Similarly, accountable payment models can be implemented and then monitored and regularly adjusted to correct any unanticipated problems. Each accountable payment model would have to be explicitly structured to assure CMS that Medicare spending would be lower than it would otherwise be. There would be no need to evaluate such an accountable payment model in order to determine whether it will save money; the physicians would be guaranteeing that it would reduce the types of Medicare spending covered by the model if the physicians were paid under the accountable payment model. If at any point, CMS identifies a situation where quality is being harmed for a particular provider’s patients, or where spending is not truly being reduced, that provider’s participation in the payment model could be terminated, similar to what CMS can do today in its standard payment systems. If physicians find they can’t successfully manage under the new payment model, they could work with CMS to improve it or return to fee for service payment.

Not all physicians will have the ability to successfully participate in alternative payment models that guarantee savings to CMS, particularly during the early years of implementation. Consequently, current payment systems should not be completely replaced by any alternative payment model, but rather, physicians and other providers who wish to participate in such models should be given the ability to do so voluntarily, the same way that the Medicare Shared Savings Program is structured today for ACOs.

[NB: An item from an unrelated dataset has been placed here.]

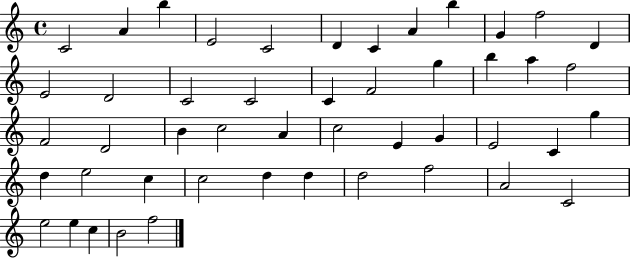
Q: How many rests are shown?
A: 0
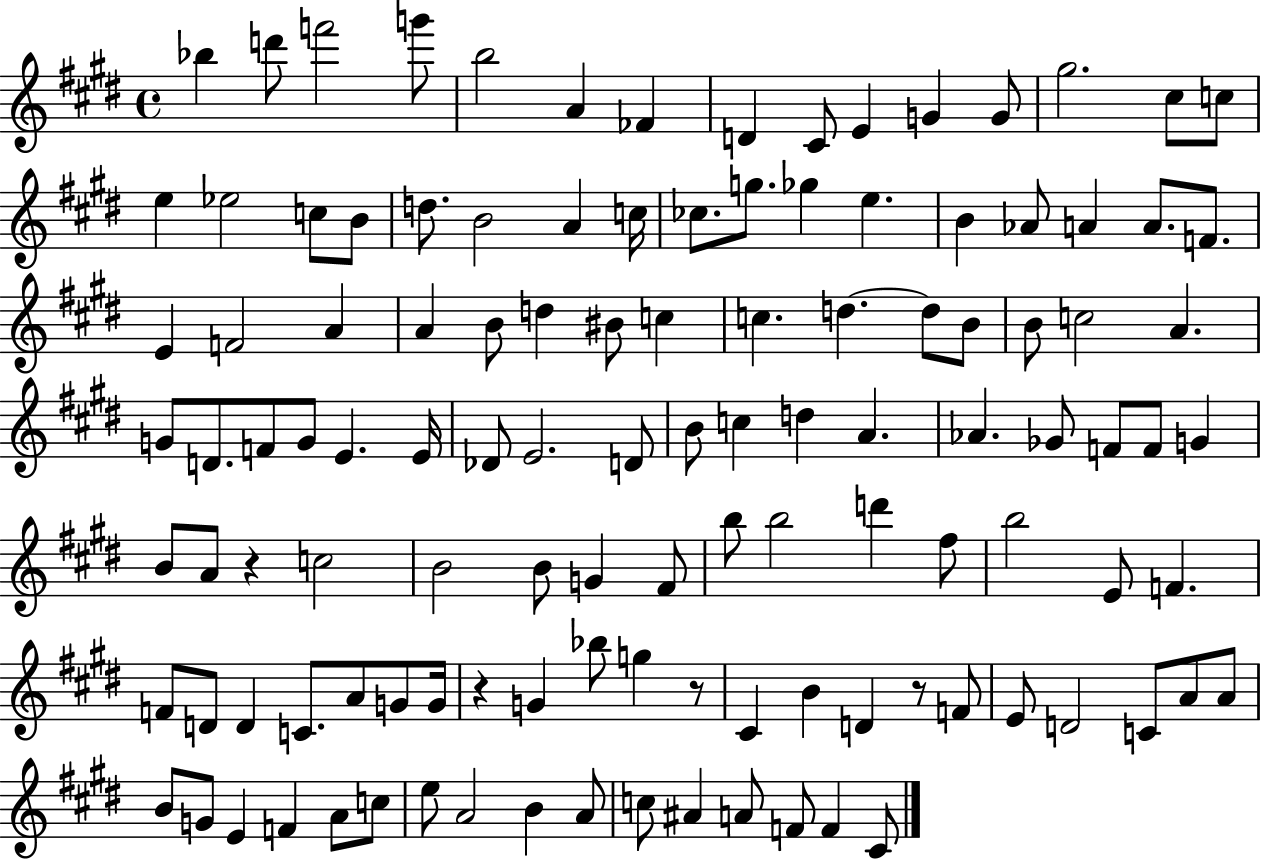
Bb5/q D6/e F6/h G6/e B5/h A4/q FES4/q D4/q C#4/e E4/q G4/q G4/e G#5/h. C#5/e C5/e E5/q Eb5/h C5/e B4/e D5/e. B4/h A4/q C5/s CES5/e. G5/e. Gb5/q E5/q. B4/q Ab4/e A4/q A4/e. F4/e. E4/q F4/h A4/q A4/q B4/e D5/q BIS4/e C5/q C5/q. D5/q. D5/e B4/e B4/e C5/h A4/q. G4/e D4/e. F4/e G4/e E4/q. E4/s Db4/e E4/h. D4/e B4/e C5/q D5/q A4/q. Ab4/q. Gb4/e F4/e F4/e G4/q B4/e A4/e R/q C5/h B4/h B4/e G4/q F#4/e B5/e B5/h D6/q F#5/e B5/h E4/e F4/q. F4/e D4/e D4/q C4/e. A4/e G4/e G4/s R/q G4/q Bb5/e G5/q R/e C#4/q B4/q D4/q R/e F4/e E4/e D4/h C4/e A4/e A4/e B4/e G4/e E4/q F4/q A4/e C5/e E5/e A4/h B4/q A4/e C5/e A#4/q A4/e F4/e F4/q C#4/e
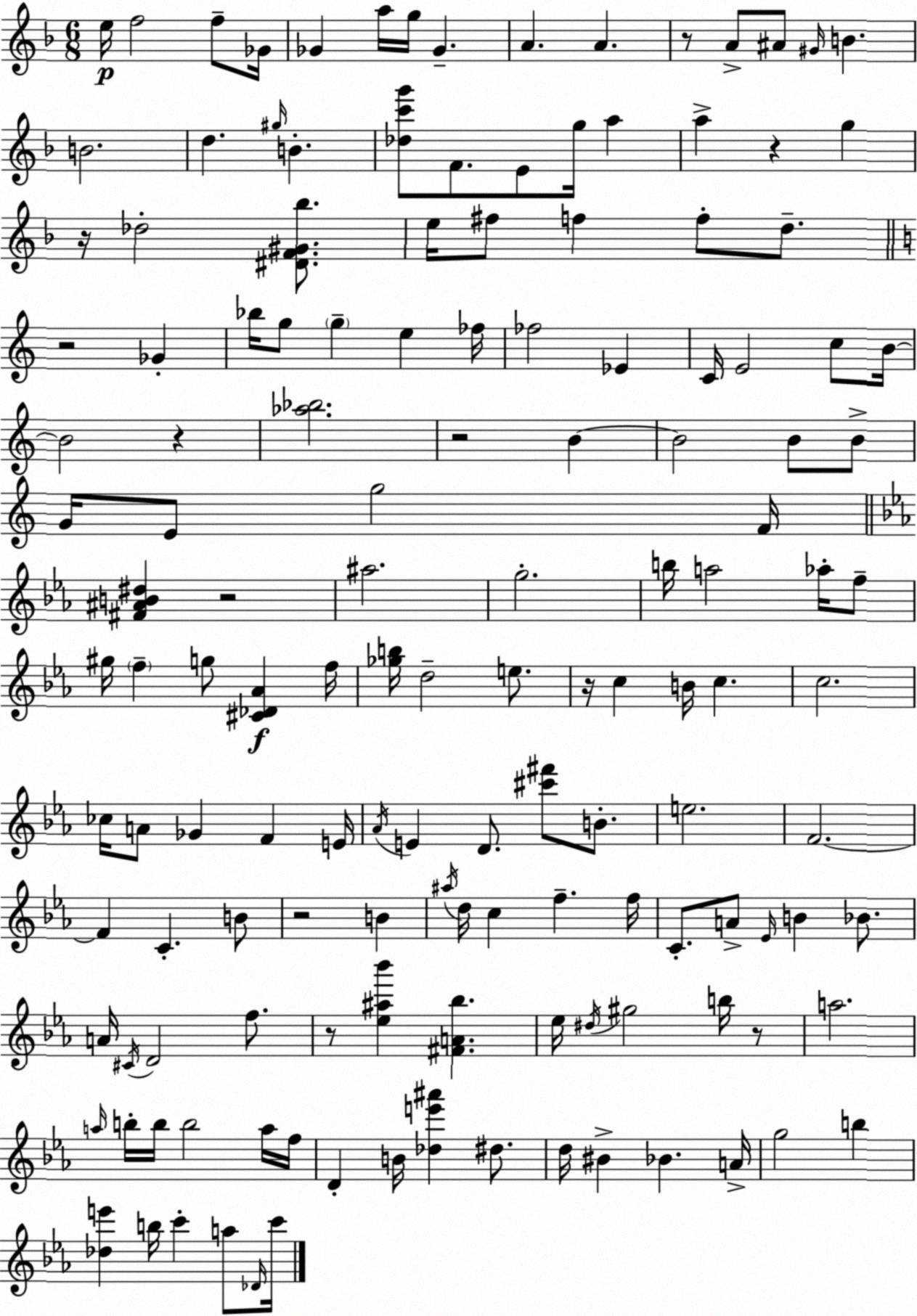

Many physicians, medical societies, and multi-stakeholder Regional Health Improvement Collaboratives have been working to develop payment models that are specifically designed to improve patient care and save payers money. There needs to be a mechanism for them to bring those models to CMS on an ongoing basis, have them rapidly reviewed and refined, and then put into place quickly. This will not only ensure there are enough savings to pay for the SGR repeal bill, but it will also enable the largest number of Medicare beneficiaries to benefit from higher quality care.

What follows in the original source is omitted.